Iv-B Results of forecasting task
Table III additionally shows the results of forecasting the PHQ-9 score at the end of next week based on data from the current week. The K-Means algorithm still obtains optimal results, which achieves an accuracy of 77.0 % for major depression forecasting and 53.7 % for depression severity forecasting. The best RMSE score of 4.094 is marginally lower than that of the diagnostic task, which means that the forecasting task achieves comparable results with the diagnostic task. The results indicate that it is possible to forecast depression based on mobile phone data.
Iv-C Feature comparison
Finally, in Figure 1 we show a performance comparison for PHQ-9 diagnosis and forecasting using different features. We observe that the user activity features obtain the best individual performance for both tasks. The performance of the phone call features is worse, potentially because this data is more sparse as subjects accept and conduct calls less frequently than using the phone for other purposes. Combining all information in the all feature sets results in a slight performance boost.

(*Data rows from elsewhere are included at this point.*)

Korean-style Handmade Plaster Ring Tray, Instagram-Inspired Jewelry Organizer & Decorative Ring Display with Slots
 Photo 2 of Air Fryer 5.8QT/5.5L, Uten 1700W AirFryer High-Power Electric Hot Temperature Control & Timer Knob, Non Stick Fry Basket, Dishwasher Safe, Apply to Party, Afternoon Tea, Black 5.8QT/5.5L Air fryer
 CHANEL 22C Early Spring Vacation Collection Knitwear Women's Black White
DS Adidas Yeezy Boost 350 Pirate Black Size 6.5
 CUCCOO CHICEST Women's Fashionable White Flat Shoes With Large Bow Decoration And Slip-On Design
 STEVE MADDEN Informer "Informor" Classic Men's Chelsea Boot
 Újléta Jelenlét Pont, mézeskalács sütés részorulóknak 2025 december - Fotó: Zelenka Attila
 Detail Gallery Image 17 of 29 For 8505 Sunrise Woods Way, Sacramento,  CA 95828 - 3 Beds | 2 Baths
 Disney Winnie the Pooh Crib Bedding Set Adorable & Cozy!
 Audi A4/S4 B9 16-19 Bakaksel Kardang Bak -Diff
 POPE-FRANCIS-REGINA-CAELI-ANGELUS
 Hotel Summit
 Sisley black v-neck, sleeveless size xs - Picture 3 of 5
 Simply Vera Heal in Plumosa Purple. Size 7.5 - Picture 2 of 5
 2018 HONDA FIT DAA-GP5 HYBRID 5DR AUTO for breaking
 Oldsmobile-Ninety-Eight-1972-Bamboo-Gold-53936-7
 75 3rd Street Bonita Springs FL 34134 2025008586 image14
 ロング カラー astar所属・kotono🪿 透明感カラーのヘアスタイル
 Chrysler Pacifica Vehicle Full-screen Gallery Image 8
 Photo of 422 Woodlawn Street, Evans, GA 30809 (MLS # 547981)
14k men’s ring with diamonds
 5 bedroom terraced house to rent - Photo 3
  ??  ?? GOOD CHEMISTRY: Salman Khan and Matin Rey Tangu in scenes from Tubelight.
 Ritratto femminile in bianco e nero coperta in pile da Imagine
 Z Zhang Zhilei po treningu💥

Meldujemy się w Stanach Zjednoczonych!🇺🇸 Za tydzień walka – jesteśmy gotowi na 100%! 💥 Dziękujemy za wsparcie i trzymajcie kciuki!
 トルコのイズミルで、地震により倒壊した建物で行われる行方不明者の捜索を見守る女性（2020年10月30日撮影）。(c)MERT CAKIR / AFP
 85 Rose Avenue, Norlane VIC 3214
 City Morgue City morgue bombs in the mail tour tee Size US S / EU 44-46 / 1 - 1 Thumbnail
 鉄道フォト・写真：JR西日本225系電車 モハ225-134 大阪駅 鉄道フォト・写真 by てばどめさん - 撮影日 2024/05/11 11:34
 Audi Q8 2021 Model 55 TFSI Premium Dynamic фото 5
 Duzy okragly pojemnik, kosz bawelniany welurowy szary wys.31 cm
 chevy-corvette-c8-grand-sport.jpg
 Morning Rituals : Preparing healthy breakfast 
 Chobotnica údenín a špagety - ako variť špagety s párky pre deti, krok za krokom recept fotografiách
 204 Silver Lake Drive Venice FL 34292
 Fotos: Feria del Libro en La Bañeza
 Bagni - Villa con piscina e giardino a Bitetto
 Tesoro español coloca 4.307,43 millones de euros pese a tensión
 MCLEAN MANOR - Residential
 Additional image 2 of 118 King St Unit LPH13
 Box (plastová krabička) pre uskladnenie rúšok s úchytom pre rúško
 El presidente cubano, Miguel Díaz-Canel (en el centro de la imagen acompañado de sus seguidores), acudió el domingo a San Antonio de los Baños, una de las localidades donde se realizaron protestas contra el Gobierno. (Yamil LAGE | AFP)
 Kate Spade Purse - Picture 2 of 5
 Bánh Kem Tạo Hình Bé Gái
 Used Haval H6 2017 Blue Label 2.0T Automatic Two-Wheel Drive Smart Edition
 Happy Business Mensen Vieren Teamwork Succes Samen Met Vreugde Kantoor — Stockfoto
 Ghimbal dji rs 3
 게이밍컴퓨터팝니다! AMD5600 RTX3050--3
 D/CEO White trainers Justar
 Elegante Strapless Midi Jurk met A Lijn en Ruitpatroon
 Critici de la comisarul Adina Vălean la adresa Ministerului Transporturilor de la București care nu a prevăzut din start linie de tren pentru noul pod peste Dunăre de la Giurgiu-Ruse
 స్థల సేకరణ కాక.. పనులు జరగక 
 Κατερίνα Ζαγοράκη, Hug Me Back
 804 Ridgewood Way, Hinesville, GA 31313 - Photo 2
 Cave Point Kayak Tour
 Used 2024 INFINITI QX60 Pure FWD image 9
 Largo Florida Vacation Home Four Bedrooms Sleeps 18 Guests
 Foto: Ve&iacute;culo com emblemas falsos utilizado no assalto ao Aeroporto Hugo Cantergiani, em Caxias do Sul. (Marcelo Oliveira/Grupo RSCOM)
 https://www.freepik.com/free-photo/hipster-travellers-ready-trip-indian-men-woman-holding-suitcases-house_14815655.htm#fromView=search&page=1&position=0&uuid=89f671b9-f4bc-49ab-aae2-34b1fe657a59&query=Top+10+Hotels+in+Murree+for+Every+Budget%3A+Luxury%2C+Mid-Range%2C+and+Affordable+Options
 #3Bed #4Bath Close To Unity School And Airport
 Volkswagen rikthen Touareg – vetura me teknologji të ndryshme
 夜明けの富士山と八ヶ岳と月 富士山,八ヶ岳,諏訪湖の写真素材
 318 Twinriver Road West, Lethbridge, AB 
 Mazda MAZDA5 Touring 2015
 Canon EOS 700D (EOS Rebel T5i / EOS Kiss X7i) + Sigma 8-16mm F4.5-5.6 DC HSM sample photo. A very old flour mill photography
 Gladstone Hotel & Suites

In this work, we investigated the potential of using passively collected mobile phone data for depression diagnosis and forecasting. We have shown that forecasting (predicting PHQ-9 scores, major depression, and depression severity) 1-week ahead of the collected data is possible, with performance close to that of predicting the current week (diagnosis). These results showcase the potential of such features of timely diagnosis and change-of-state prediction; both valuable targets for future digital health applications. These tasks are best modelled using a combination of features, of which user activity are the most important. In addition, our experiments show that K-Means clustering for generating GPS features fares better than DBSCAN and time-based clustering; a finding which contrasts previous work showing the latter to be better. This indicates that the performance of such algorithms might be dataset-dependent, and thus a cross-study comparison would be necessary to identify the strengths and weaknesses of each for depression detection.
Data analysed in this publication were collected as part of the MAIKI project, which was funded by the German Federal Ministry of Education and Research (grant No. 13GW0254). The responsibility for the content of this publication lies with the authors.